WORK INSTRUCTION ::
Beginning at the line with "Diễn viên Bình Minh đến chúc mừng Diễm Hương" in the records below, return each line up to and including the last, exactly as it stands, but not the pictures.

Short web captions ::
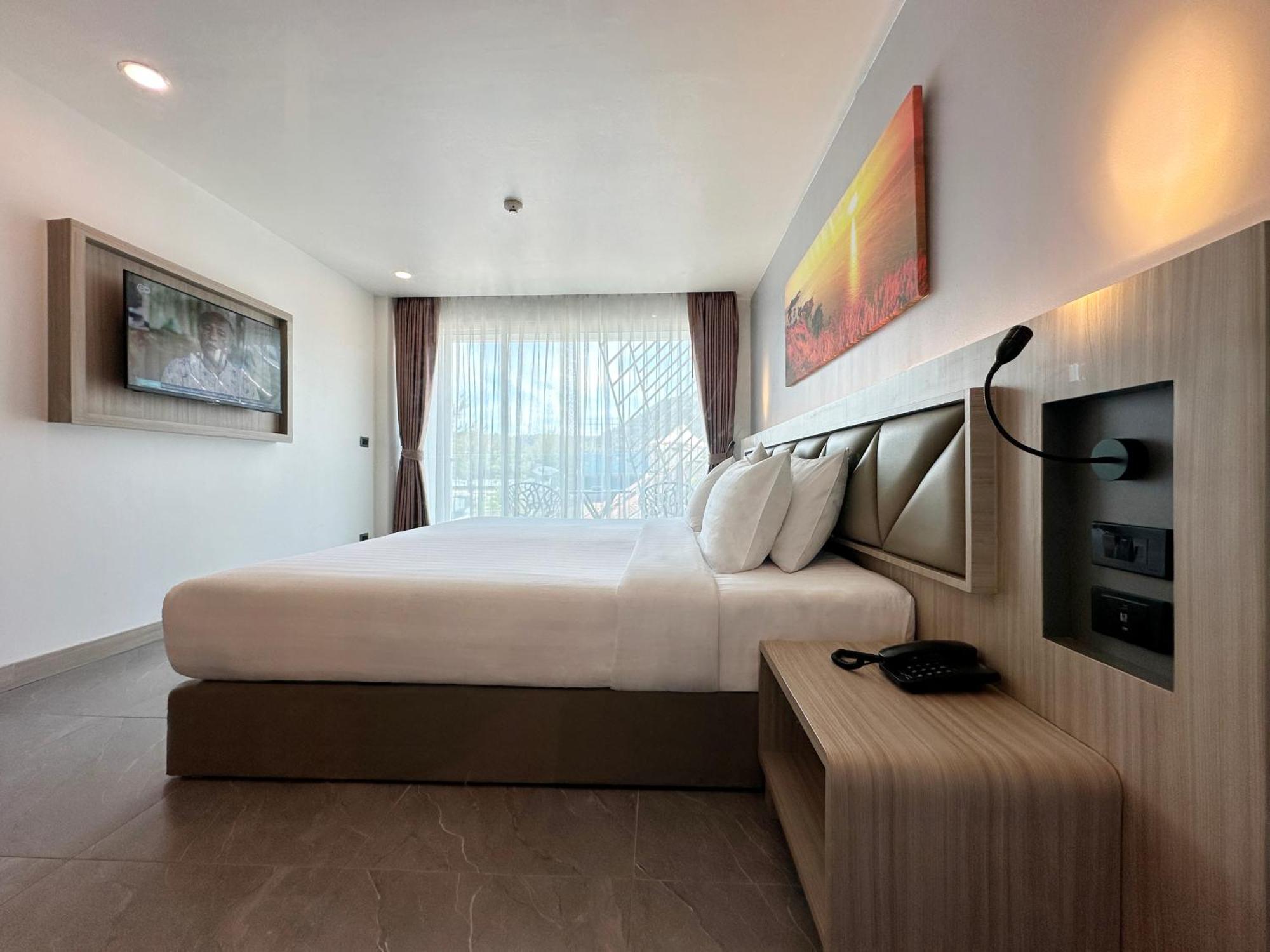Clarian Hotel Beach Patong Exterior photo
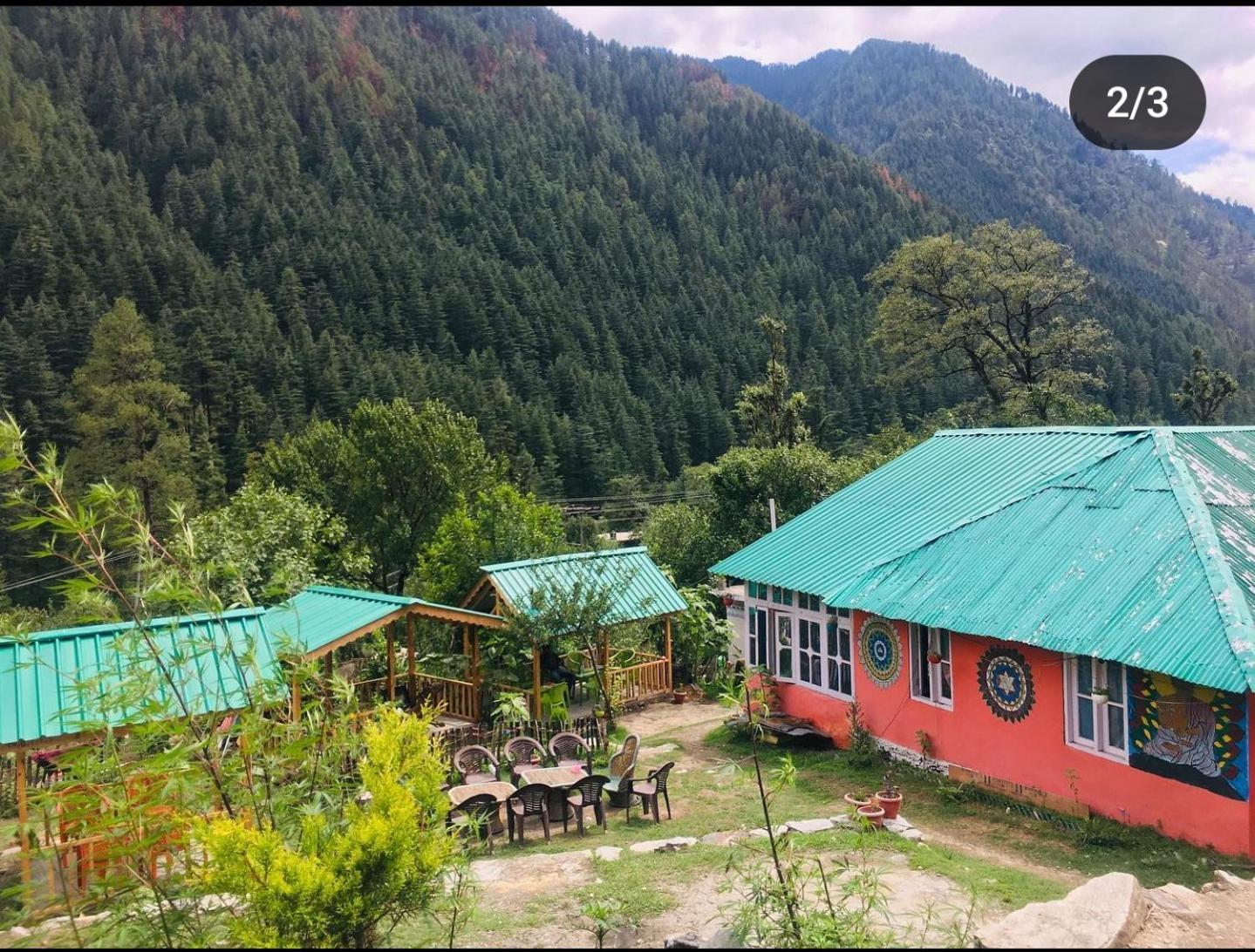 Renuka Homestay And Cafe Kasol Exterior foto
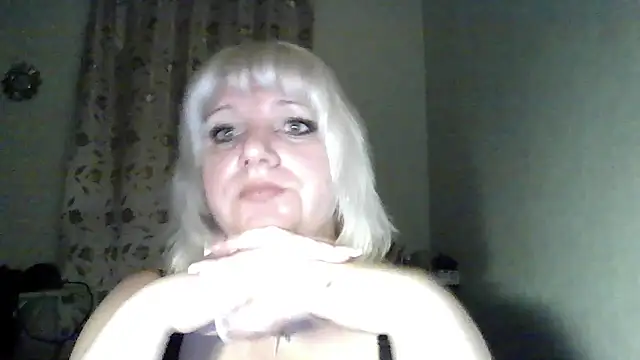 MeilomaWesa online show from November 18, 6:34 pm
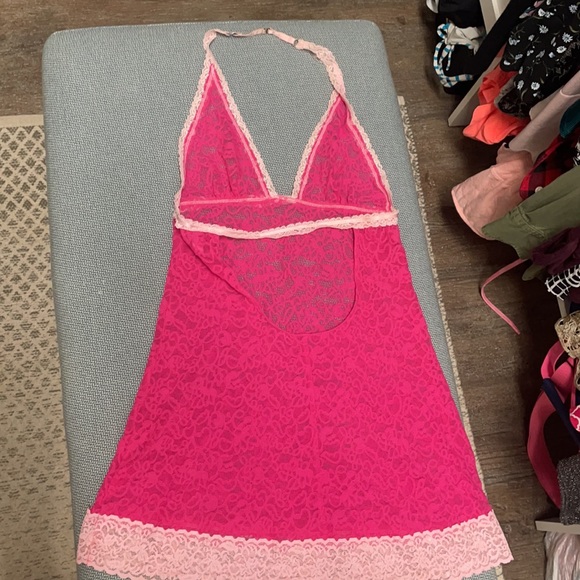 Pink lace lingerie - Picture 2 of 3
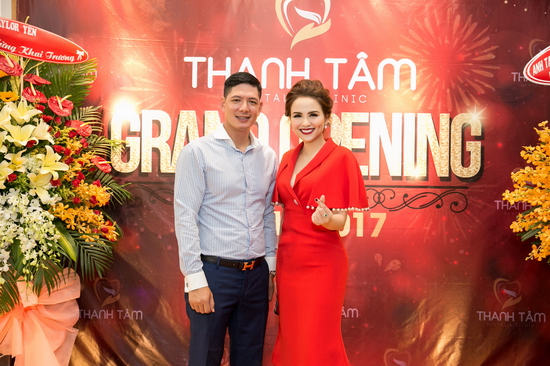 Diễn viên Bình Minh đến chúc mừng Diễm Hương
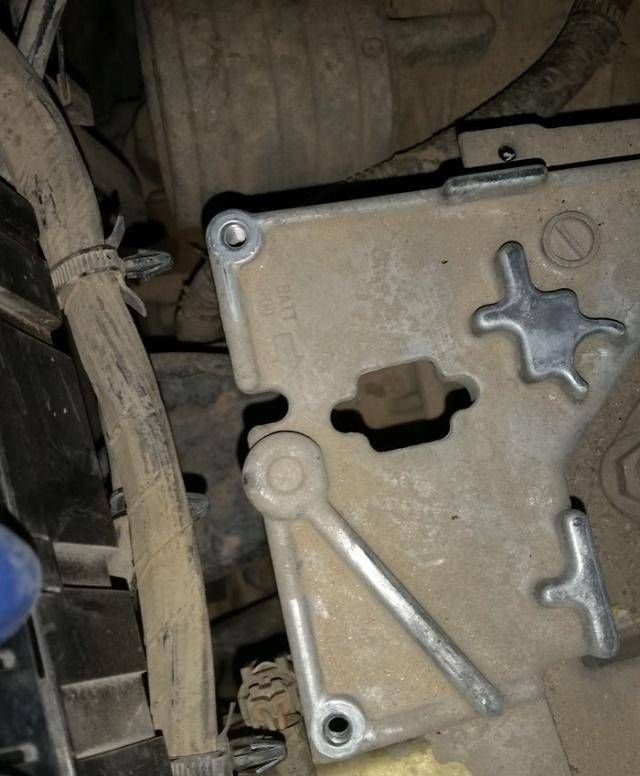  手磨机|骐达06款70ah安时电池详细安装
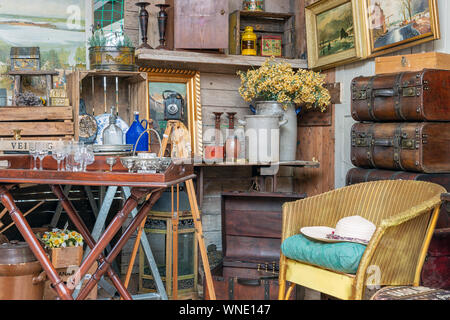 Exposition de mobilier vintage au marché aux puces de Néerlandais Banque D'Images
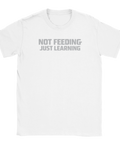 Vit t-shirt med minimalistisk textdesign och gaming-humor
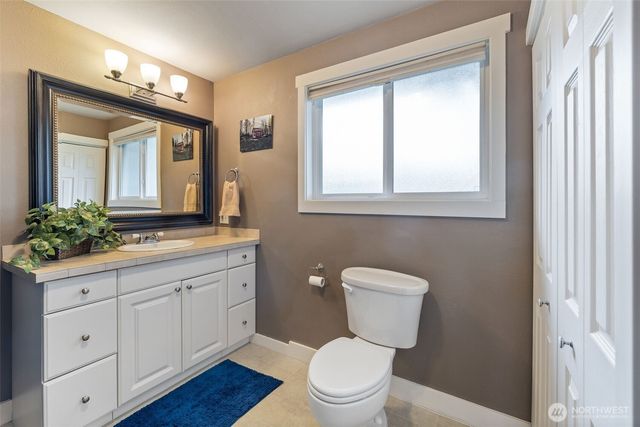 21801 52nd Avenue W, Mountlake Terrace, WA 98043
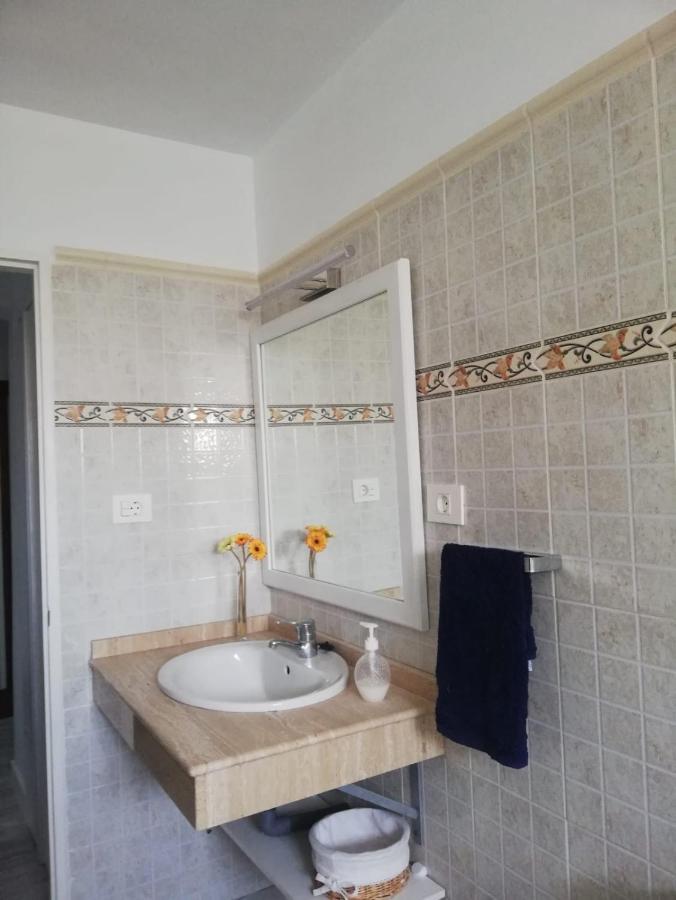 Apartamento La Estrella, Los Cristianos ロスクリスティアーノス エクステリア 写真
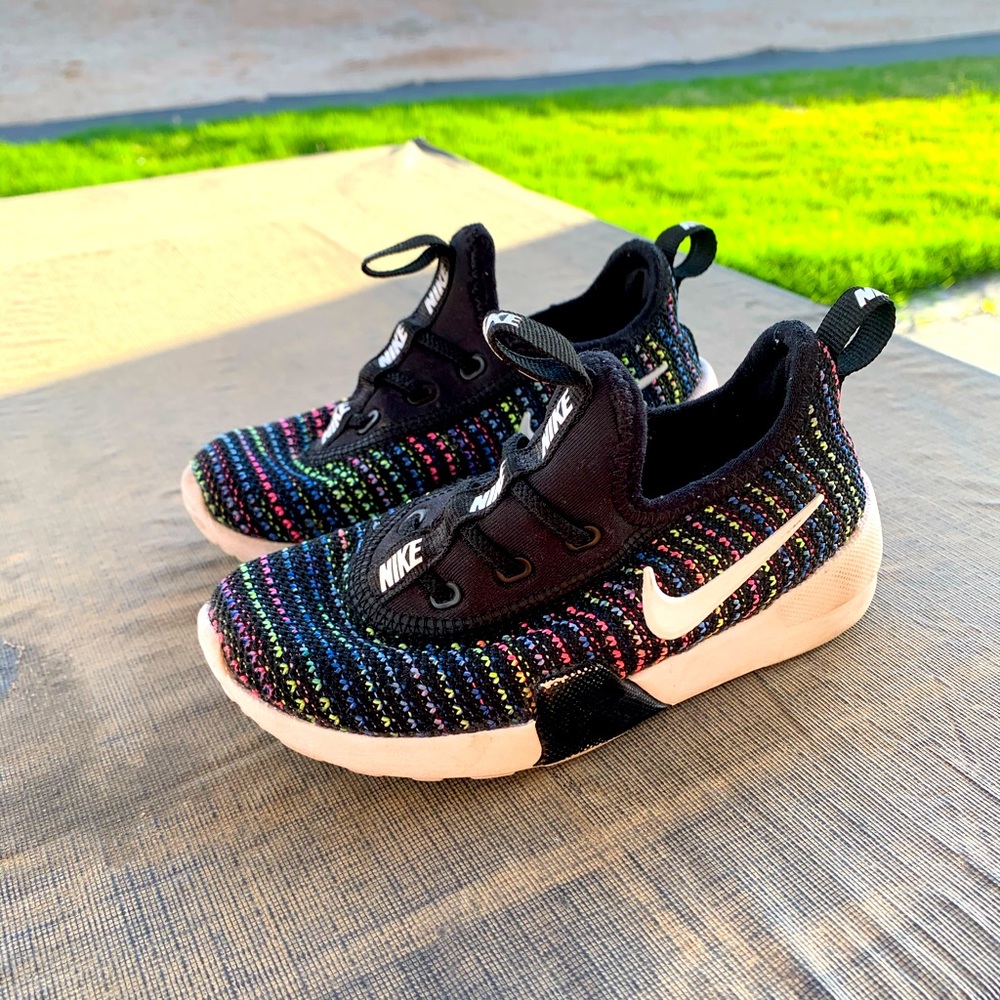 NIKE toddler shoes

WRITTEN SOLUTION ::
 Diễn viên Bình Minh đến chúc mừng Diễm Hương
  手磨机|骐达06款70ah安时电池详细安装
 Exposition de mobilier vintage au marché aux puces de Néerlandais Banque D'Images
 Vit t-shirt med minimalistisk textdesign och gaming-humor
 21801 52nd Avenue W, Mountlake Terrace, WA 98043
 Apartamento La Estrella, Los Cristianos ロスクリスティアーノス エクステリア 写真
 NIKE toddler shoes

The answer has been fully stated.